Desvenda-se assim a engrenagem fisiológica menor, cuja existência é quase sempre nebulosa e clandestina, de que lança mão um governo – em qualquer nível – para conseguir ou ampliar seu apoio no campo político de modo geral, e no Poder Legislativo em particular. É desta forma que se costuma alimentar o emaranhado, também pouco discernível, das ‘bases’ sobre as quais se sustentam muitos votos no Congresso nacional, sobre as quais se erguem carreiras e até mesmo partido sem ideologia, sem representatividade e sem caráter.

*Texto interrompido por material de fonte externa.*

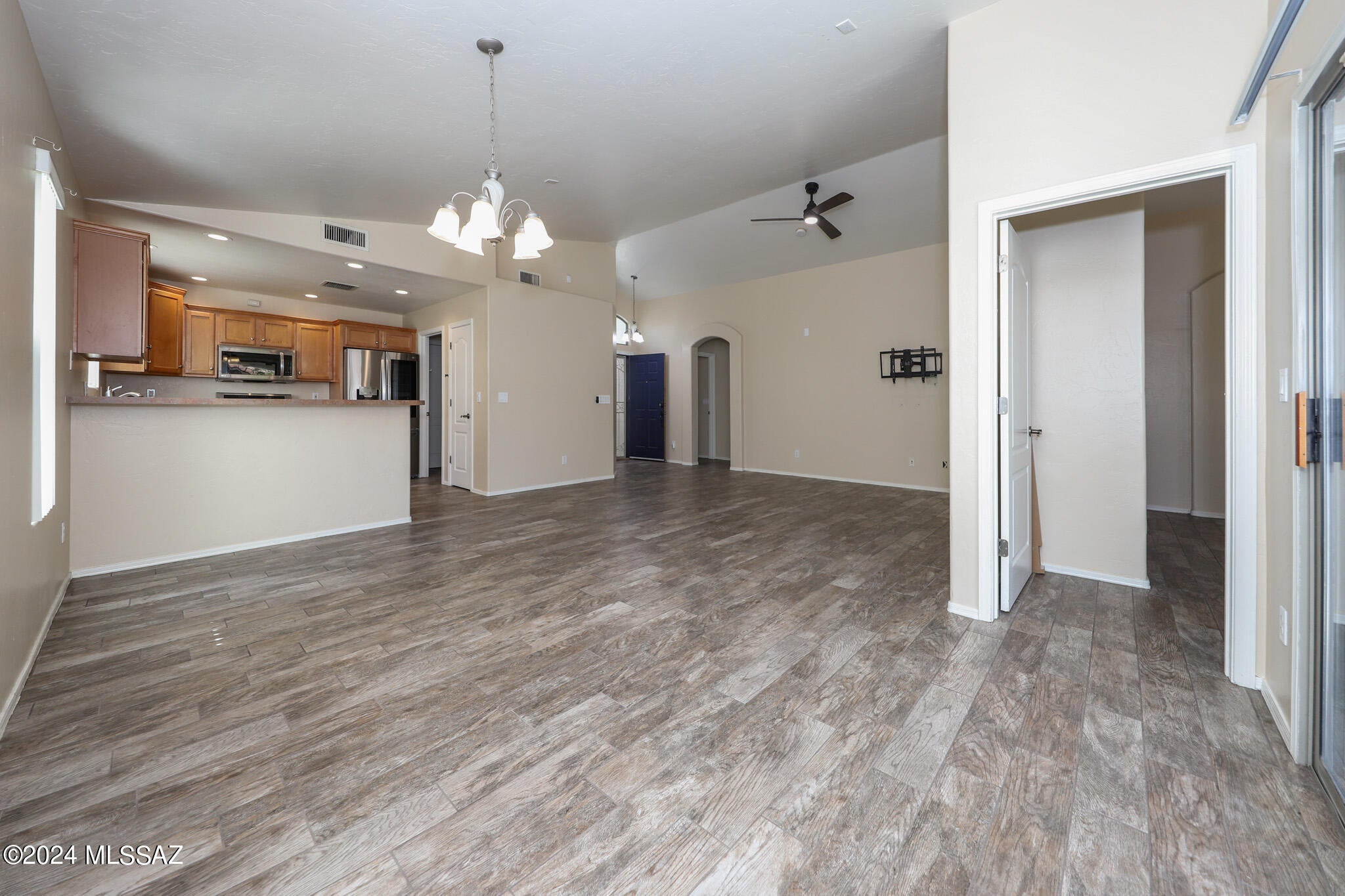 Mesquite Ranch (1-619) - Residential Lease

6. Multiplicam-se os protestos contra o “estelionato eleitoral” que teriam sido as eleições de novembro de 86

O já apontado fato (cfr. Parte II, Cap. III, 2) de o governo ter despistado a população sobre o malogro do Plano Cruzado, em conseqüência do que o PMDB despontou como partido largamente majoritário nas eleições de novembro de 86, continua a ser freqüentemente lembrado por políticos e líderes de todos os quadrantes ideológicos.

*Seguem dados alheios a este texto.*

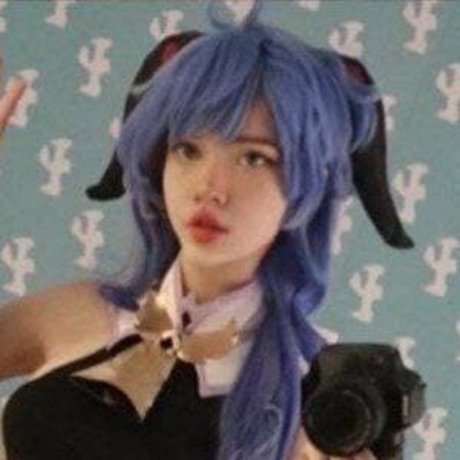 meladinha nudes actress pic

Assim, o deputado Delfim Netto usa a expressão estelionato eleitoral – também adotada por outros – para designar essa eficiente manobra do PMDB (cfr. “O Globo”, 21-4-87). Luiz Carlos Prestes fez uma declaração equivalente: “O Plano Cruzado foi um golpe eleitoral”(“Jornal do Brasil”, 6-6-87).

Sobre as conseqüências desse fato sobre a credibilidade do regime democrático – o qual será consagrado pela atual Constituinte – Gilberto Dupas assim escreve para o “Jornal do Brasil” (28-6-87):

As mudanças de política econômica anunciadas ainda durante a apuração da estrondosa vitória eleitoral do governo (e dos que defenderam e usaram o congelamento como bandeira de voto) tiveram um efeito profundo (e perverso) a nível da identificação da nação-governo. Teria sido preferível, sem dúvida, que o PMDB tivesse obtido uma vitória menos uníssona, mas calcada sobre uma mais transparência com o eleitor. ...

Um regime democrático repousa seu equilíbrio sobre uma classe política razoavelmente representativa, com certa credibilidade, e instituições (partidos, sindicatos, organizações) que mantenham um mínimo de compromisso com seus filiados e suas teses. Se o descrédito ocorrer, o processo democrático se inviabiliza.



[1] Sobre os recortes utilizados para a Parte III deste trabalho, ver nota 22 da Introdução à Parte II.